Evaluation of Various Strategies for Continuous Regeneration of Particulate Filters 2001-01-1945
Exhaust gases of diesel engines may be cleaned of particulates fairly effectively by filtering the gases through various types of beds. Filter regeneration is however, necessary to maintain a clean filter and to keep its flow resistance low. Uninterrupted regeneration may be achieved by burning up the trapped particulates in a continuous manner. Under high engine load conditions, this is attainable by reducing the ignition temperature of the particulates by means of suitable fuel additives, or by means of an appropriate catalytic coating of the relevant filter components. However, under low engine loads, the exhaust gas temperature might be too low and another sensible method has to be employed to continuously ignite the particulates.
Apparently, the minimum required exhaust temperature may be achieved over a fairly wide range of engine operation conditions by using several simple-to-employ means. These include inlet throttling (IAT), inlet preheating (IAP), exhaust gas recirculation (EGR), exhaust throttling (EGT), and the like. We ask to what extent these straightforward means can affect the exhaust gas temperature at the relevant range of engine speeds and loads.

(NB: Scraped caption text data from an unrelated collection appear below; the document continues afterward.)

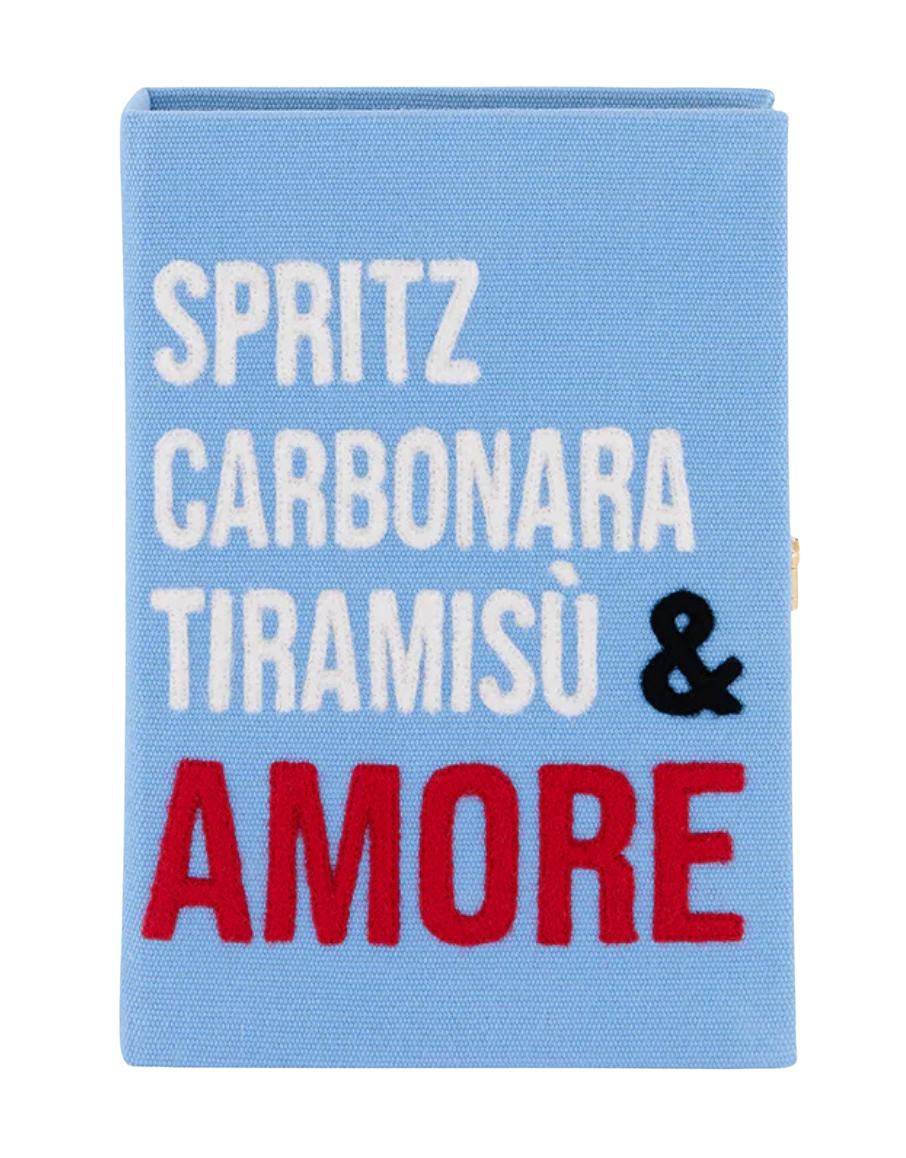 Spritz, Carbonara, Tiramisu & Amore Book Clutch by Olympia Le Tan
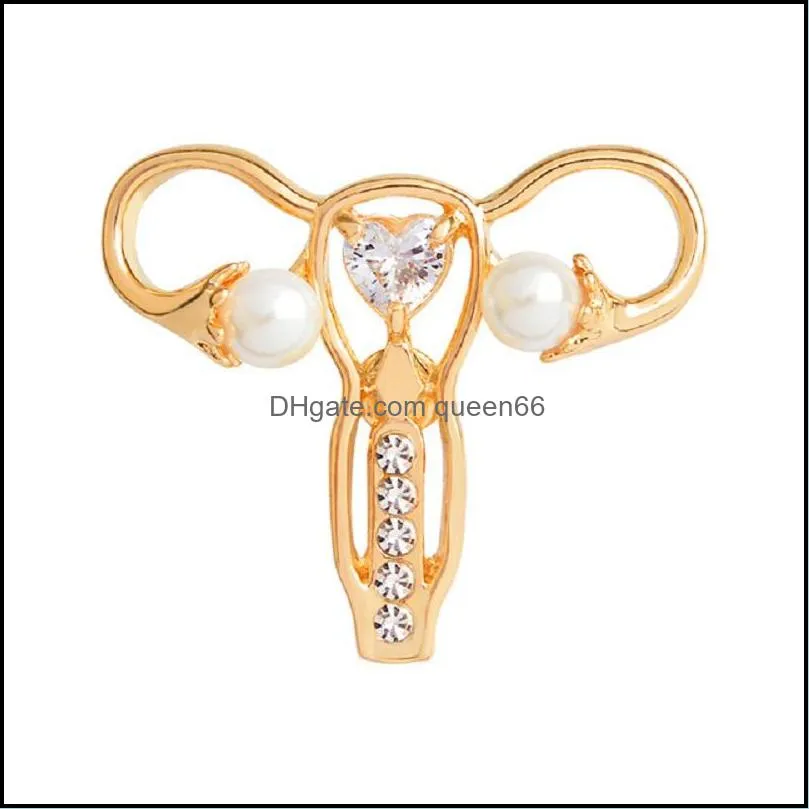 Golden silver uterus pearl special enamel cartoon brooch gift creative letter lapels denim badge pins woman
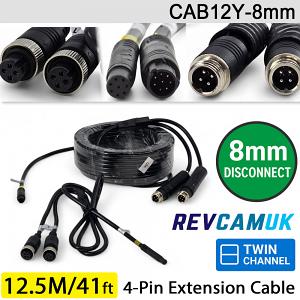 12.5M (with 8mm link) - Twin 4 Pin Aviation Screw Connector Extension Cable for 2 reversing cameras | CAB12Y-8mm 12.5M (with 8mm link) - Twin 4 Pin Aviation Screw Connector Extension Cable for 2 reversing cameras | CAB12Y-8mm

Prior to performing extensive and expensive experimental research - or investing in a reliable numerical model to simulate the engine operation under these different operation conditions, it seems appropriate to perform a crude evaluation. We wish to evaluate the effects of these means, and to provide a rough indication of how to plan the experiment more effectively. For this purpose a simplified model - can no doubt be beneficial. In this paper we will explore how feasible it is to keep the exhaust gas temperature above a given pre-determined temperature - by using these simple-to-employ means.